#### What the task requires:
Here is the task for the listing below: output exactly the lines from the one containing "NRF Sensor, Abgastemperatur EASY FIT 707334" through the one containing "客来福橱柜,衣柜店开业活动", and leave out the pictures.

#### Task input:

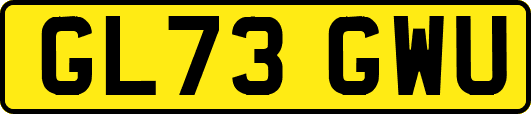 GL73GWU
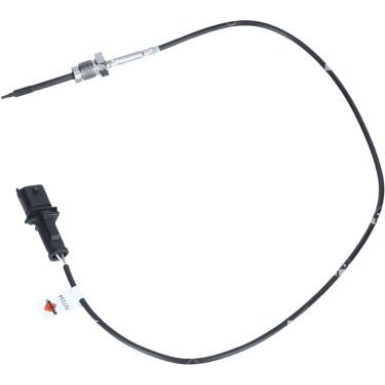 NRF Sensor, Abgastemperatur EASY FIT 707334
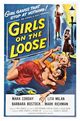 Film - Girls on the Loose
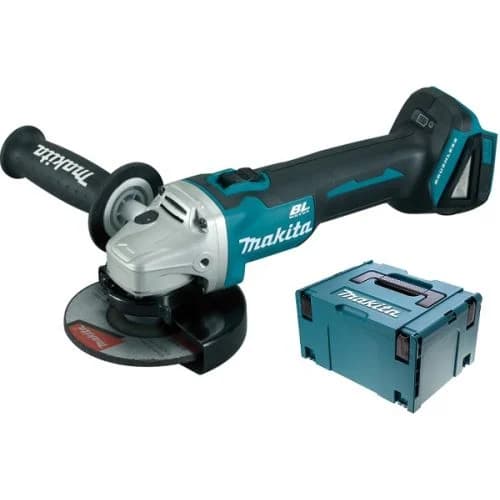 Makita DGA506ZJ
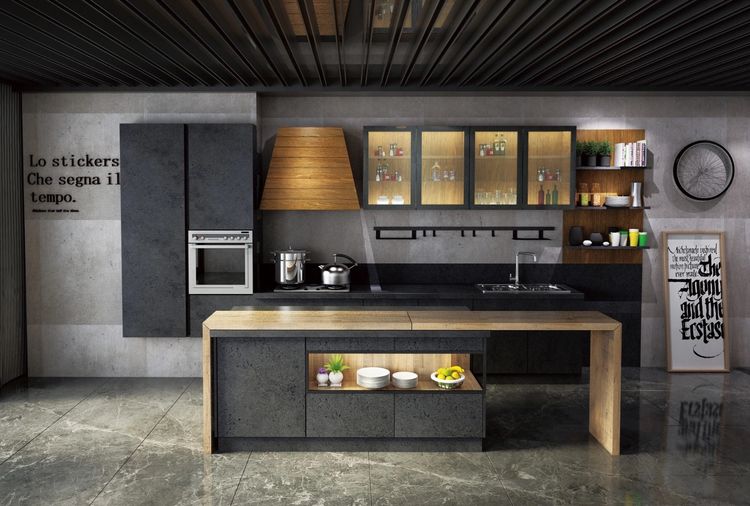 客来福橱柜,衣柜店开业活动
* * *
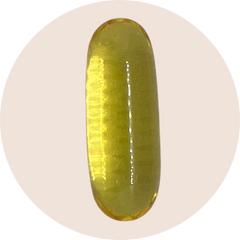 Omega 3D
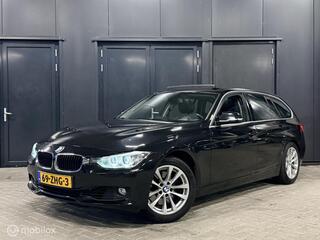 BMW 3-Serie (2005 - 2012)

#### Task output:
 NRF Sensor, Abgastemperatur EASY FIT 707334
 Film - Girls on the Loose
 Makita DGA506ZJ
 客来福橱柜,衣柜店开业活动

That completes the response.